Provided data below:

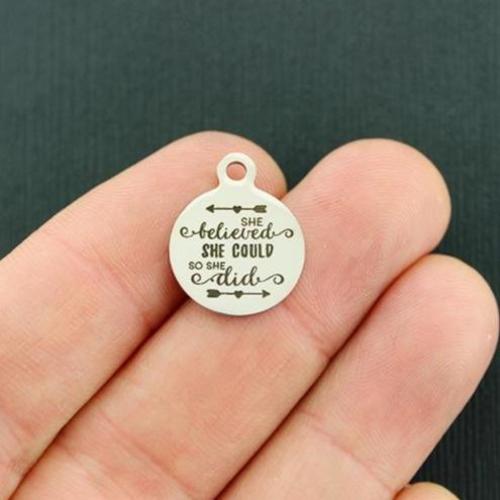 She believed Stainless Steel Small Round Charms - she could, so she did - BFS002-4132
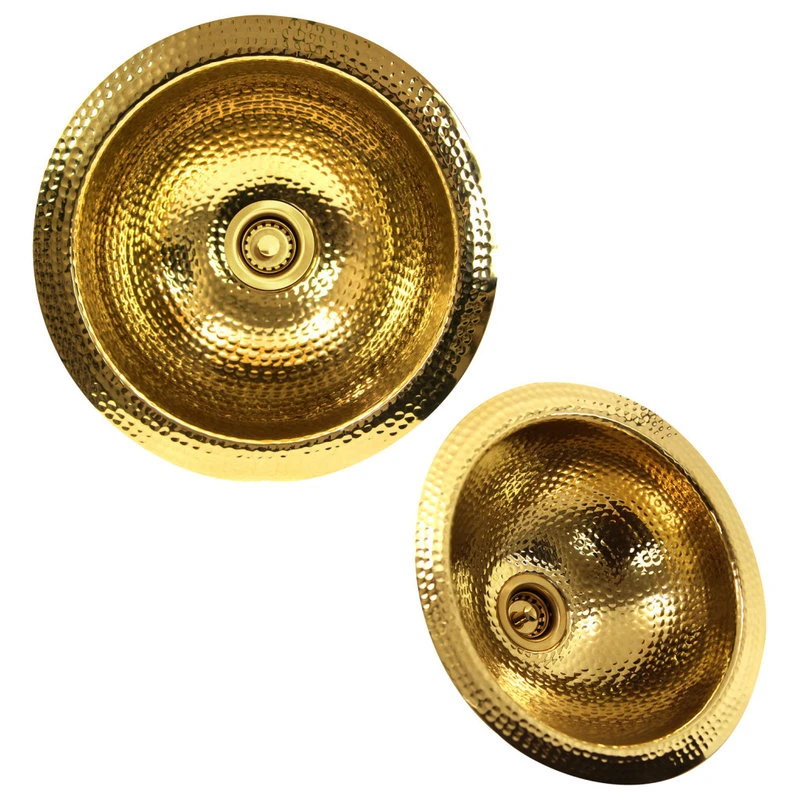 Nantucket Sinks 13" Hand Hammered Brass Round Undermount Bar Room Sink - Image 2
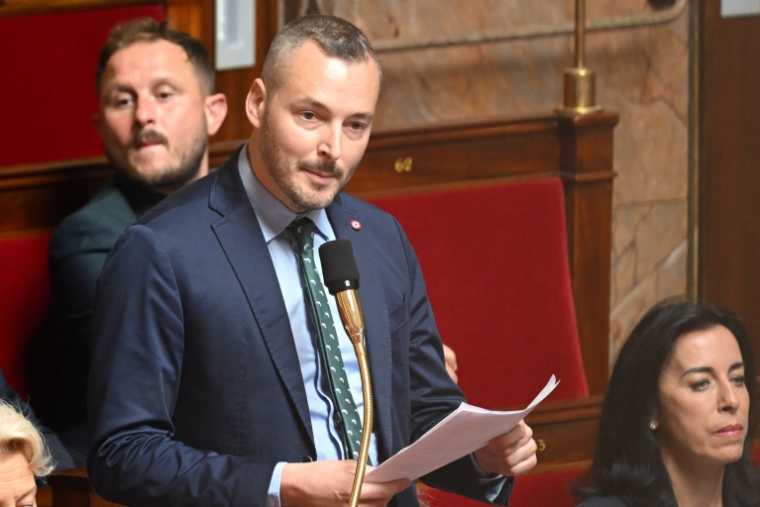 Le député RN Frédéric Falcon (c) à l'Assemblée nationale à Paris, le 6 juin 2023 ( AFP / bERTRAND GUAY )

End of Provided data.
Provided data below:

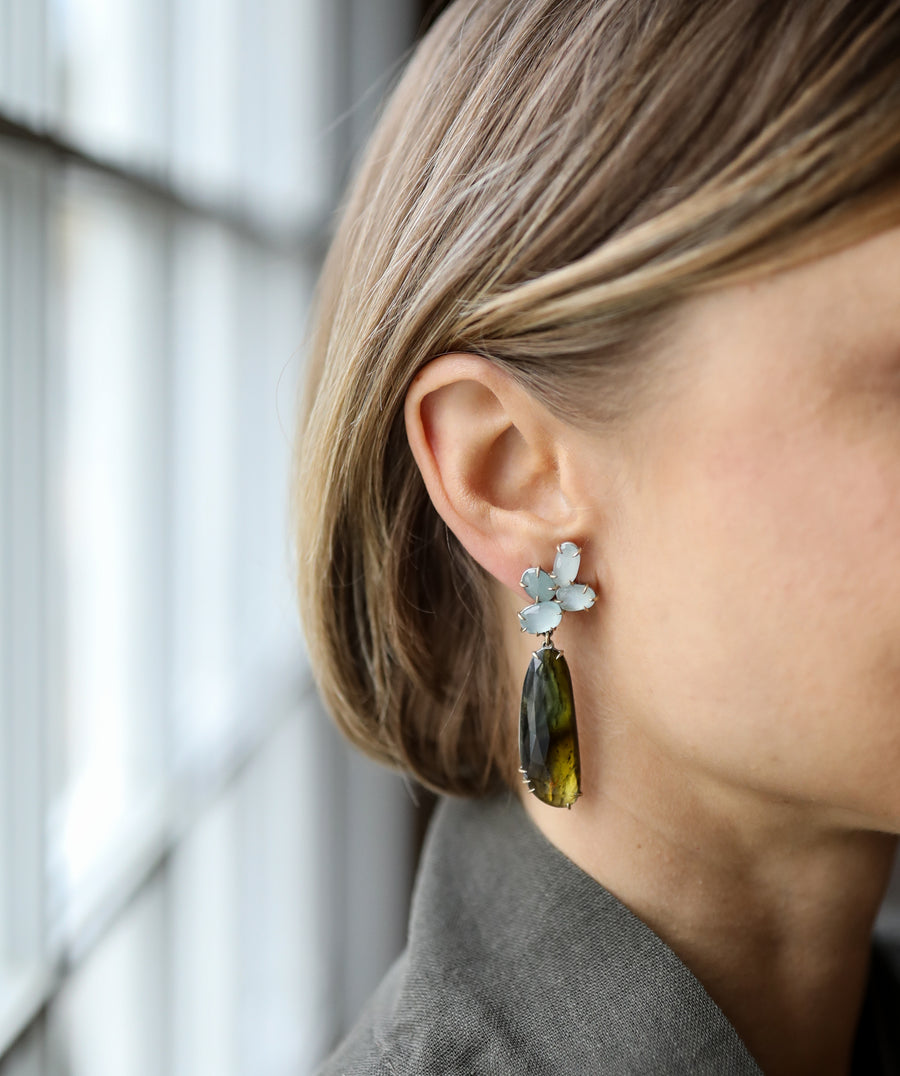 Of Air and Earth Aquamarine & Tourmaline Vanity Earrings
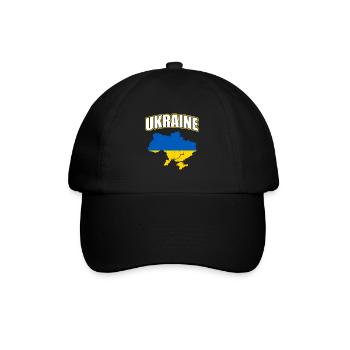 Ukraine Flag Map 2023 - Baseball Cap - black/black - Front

End of Provided data.
Provided data below:

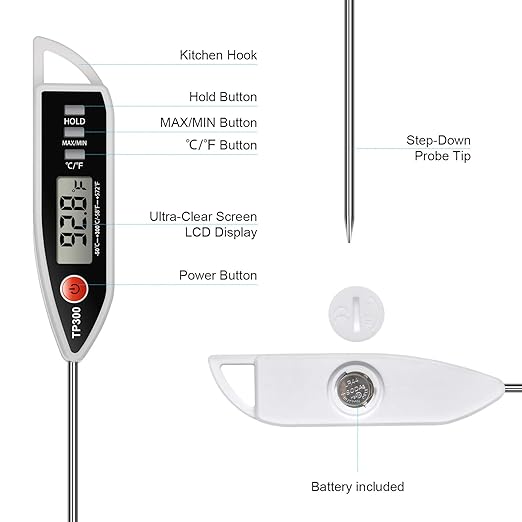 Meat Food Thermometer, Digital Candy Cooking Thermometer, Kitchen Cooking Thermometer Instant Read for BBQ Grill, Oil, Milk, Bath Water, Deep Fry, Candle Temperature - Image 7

End of Provided data.

Task brief: Transcribe the lines above exactly, beginning at the one with "Of Air and Earth" and ending at the one with "Ukraine Flag Map". Include both; exclude the pictures.

Solution below:
 Of Air and Earth Aquamarine & Tourmaline Vanity Earrings
 Ukraine Flag Map 2023 - Baseball Cap - black/black - Front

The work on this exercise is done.